When I was a blossoming teen (O.K. not really blossoming, more like hiccupping and stumbling) living in the land of whiskey and weed better known as Kentucky, I was way too into my looks. Luckily, my mom wasn’t, so when one of her friends paid me a compliment, she’d change the subject and redirect the conversation before I could offer up my $0.02 opinion on why real lemon juice was totally superior to Sun-In for super-sweet summer highlights.

Inevitably, we’d be in the church foyer after a sweltering Sunday service, me glancing anxiously at the front door: a mirage-like image of freedom framed by intricate patterns of sunshine playing off finger-smudged stained glass windows, and my mom slowly working the room. She was completely immune to my heavy sighs and exaggerated eye rolls, and unfazed by the fact (I’d already mentioned it, like, a billion times) that all my besties were waiting for me at the pool.

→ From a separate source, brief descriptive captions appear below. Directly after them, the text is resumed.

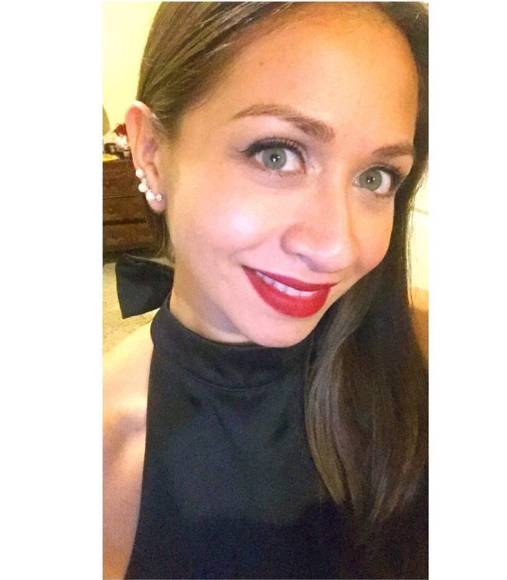 Las hijas de JOH: estudios, pasatiempos y anécdotas familiares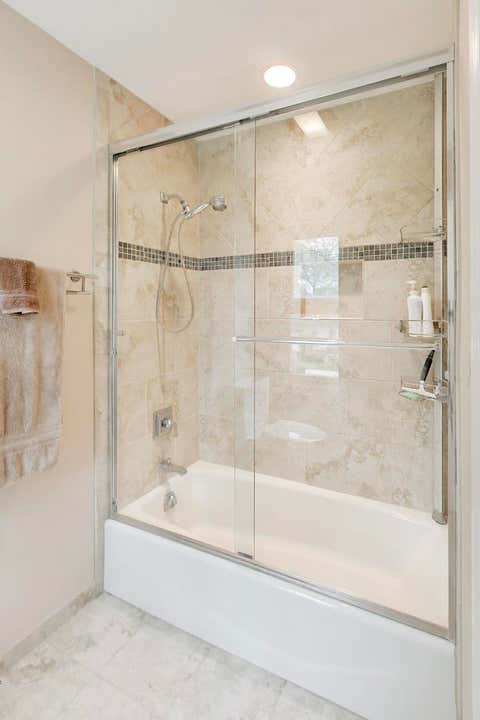 Tiny photo for 2302 Lisa Court, Rolling Meadows, IL 60067 (MLS # 12681998)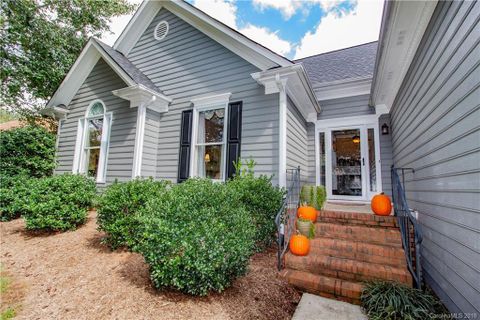 13602 Willow Breeze Lane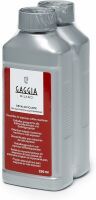Gaggia Doppelentkalker 2x250ml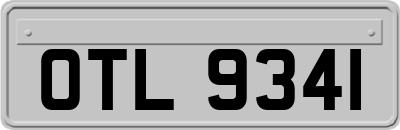 OTL9341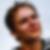Profilbild von Sven Schroeder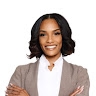Tajah Williams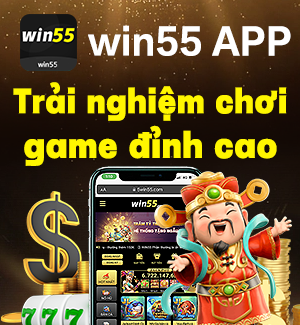 Khám phá thế giới cá cược cùng Ready to Blow với Thundershots hấp dẫn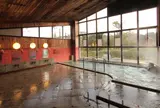 武雄温泉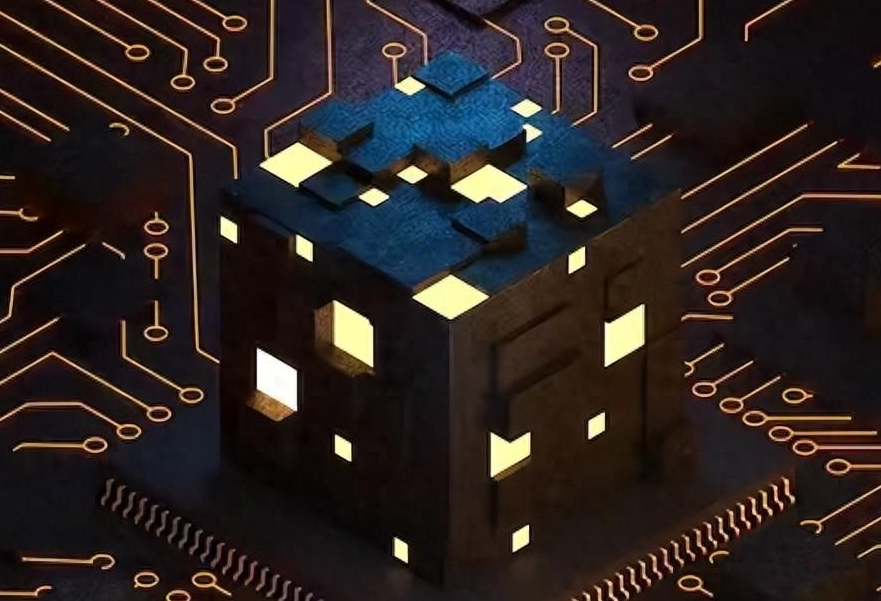 AI Boosts Semiconductor Packaging Industry 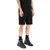 107 ALYX 9SM Bermuda Shorts , Размер: S, Наличие: Склад (1-3 дня), фото , изображение 3
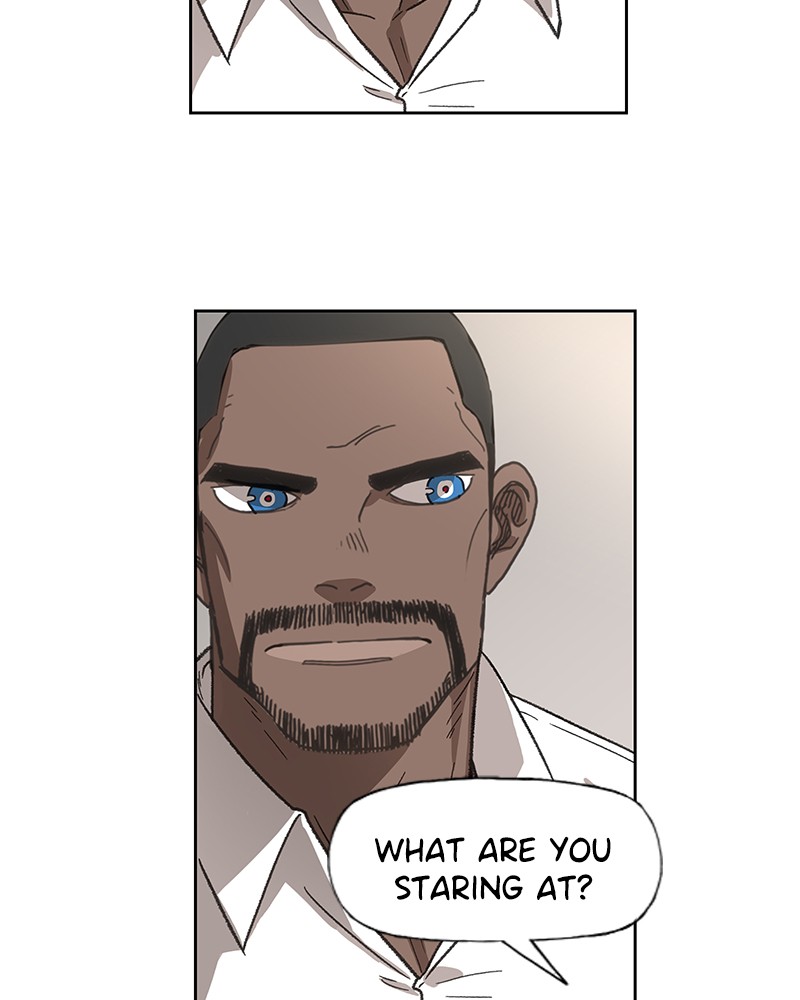 The Boxer Chapter 74 page 72 - Chapter 74: Ep. 69 - Acceleration (1)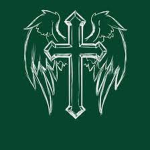 Green Angels (RoStreets)
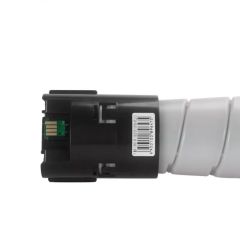 XEROX C8145 C8155 C8170 SİYAH JAPON TONER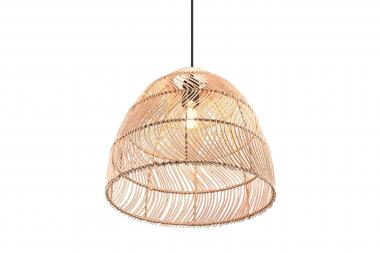 Trio Pendelleuchte RIKE,       R31131036 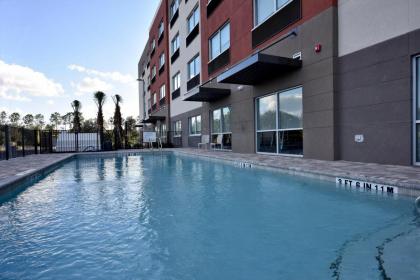 Holiday Inn Express & Suites - Orlando - Lake Nona Area - image 29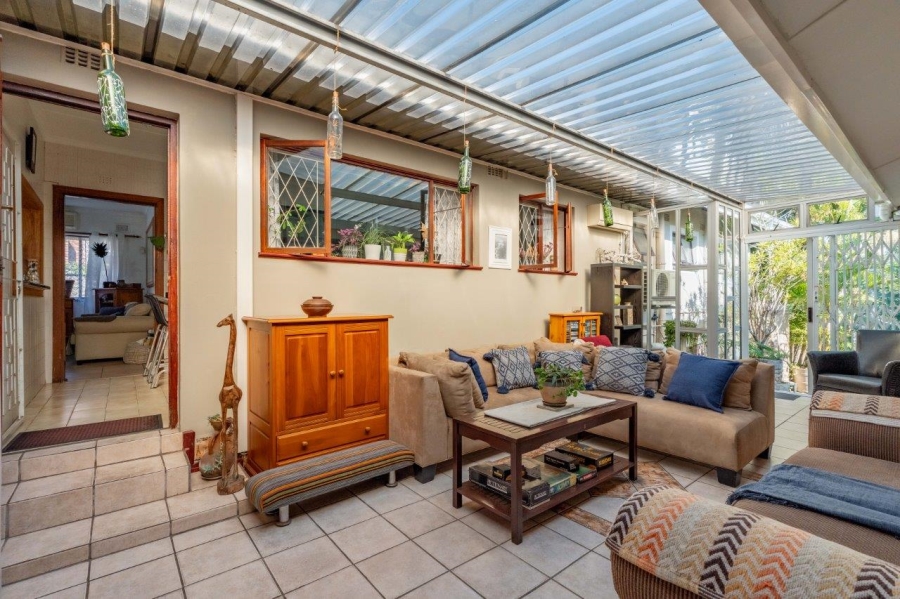 3 Bedroom Property for Sale in Cowies Hill Park KwaZulu-Natal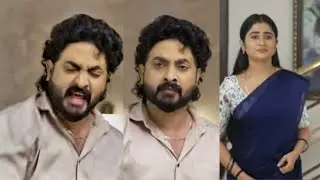 തമ്മിലടിപ്പിച്ചു ഭിന്നിപ്പിക്കാനുള്ള പദ്മയുടെ ശ്രമം JAN 18,2026#swayamvarapanthal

Mom has always known too many people, and as she talked (and talked and talked), I skulked behind her in a hopscotch pattern from deacon to elder to minister, an awkward shadow in a crumpled linen dress, smiling slightly on demand and passing the time by charting the course of a small trickle of sweat running down the length of my back. No matter how hard I tried to defy gravity, it always pooled right at the top of my underwear band, a place I could never reach without looking like a fool.
And that’s just it. Looks. Somewhere between 7th and 8th grade, mine changed. My bowl-inspired Mork from Ork finally worked its way into a Farrahish, feathered flow, I stepped out of my Keds and into some sweet Dr. Scholls, and along the way, somehow ditched a layer of baby fat I’d carried around for so long it should have probably been enrolled in kindergarten.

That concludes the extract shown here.